In games with ray-traced reflections and ambient occlusion - titles like Cyberpunk 2077, Alan Wake 2, Control, and newer 2025-2026 releases - the performance gap is substantial. At 1440p with ray tracing enabled at medium-high settings, the RX 9070 XT achieves 60-80 FPS in Cyberpunk 2077 path tracing with FSR 4 Quality upscaling, while the RTX 3060 struggles to maintain 30 FPS in the same scenario even with FSR. At standard ray tracing (not path tracing), the RX 9070 XT runs 1440p high ray tracing settings at 70-90 FPS, where the RTX 3060 manages 35-50 FPS. The RTX 3060 can run ray tracing in less demanding games at 1080p with medium ray tracing settings, but the RX 9070 XT handles every ray tracing scenario the RTX 3060 can manage and extends viability to workloads the older card cannot sustain.

Upscaling Support: FSR 4 vs DLSS 3

One important consideration in ray tracing comparisons is upscaling technology. NVIDIA DLSS 3 with Frame Generation is available on RTX 3060, though Frame Generation specifically requires RTX 40 series or newer - the RTX 3060 only has access to DLSS 2 (Super Resolution). AMD's FSR 4 is available on the RX 9070 XT and delivers competitive image quality to DLSS 3 Super Resolution. In ray tracing workloads, both cards benefit substantially from upscaling. The key difference is that the RX 9070 XT's higher native ray tracing performance means it enters upscaling at a higher base frame rate, resulting in a better quality and smoother output when FSR 4 is applied.

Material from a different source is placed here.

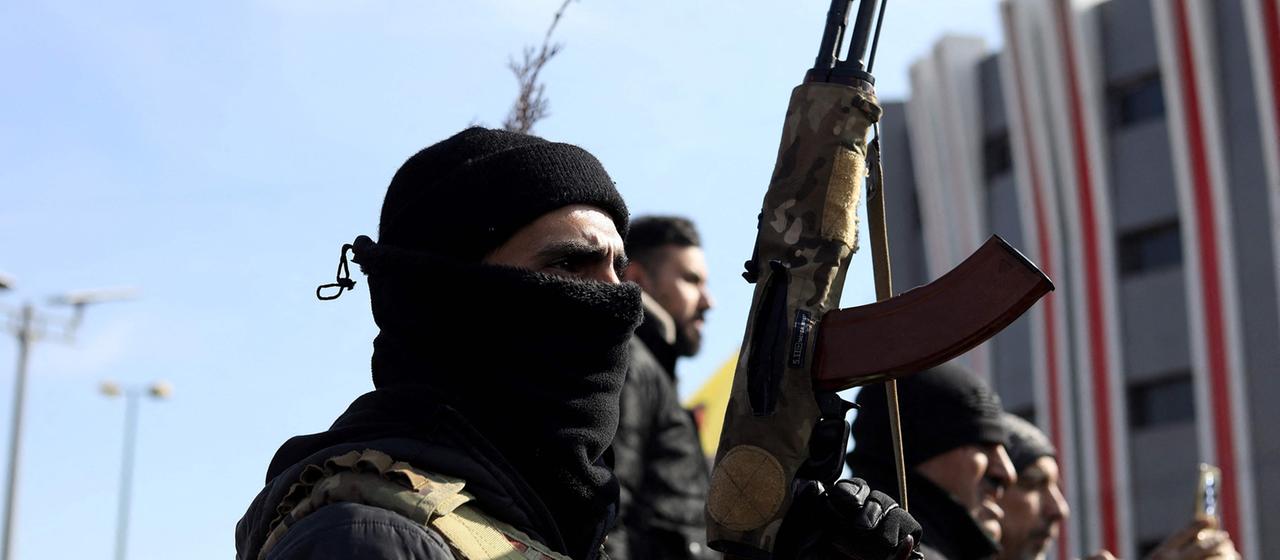 Kurdische Zivilisten versammeln sich mit ihren Waffen in der Stadt Qamischli.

Value Consideration for SA Buyers

The RX 9070 XT commands a significant price premium over the RTX 3060 in South Africa in 2026 - these are not directly competitive price-tier cards. The RTX 3060 occupies the entry-to-mid range, while the RX 9070 XT is a mid-to-upper range GPU. The ray tracing comparison is therefore not just about raw performance but about whether a buyer stepping up from an RTX 3060 budget gets sufficient improvement to justify the outlay. For players who prioritise ray tracing in titles that support it well, the improvement is dramatic. For players who prefer competitive titles with ray tracing disabled entirely, the RX 9070 XT's rasterisation advantage is also meaningful but the ray tracing comparison alone does not capture the full picture.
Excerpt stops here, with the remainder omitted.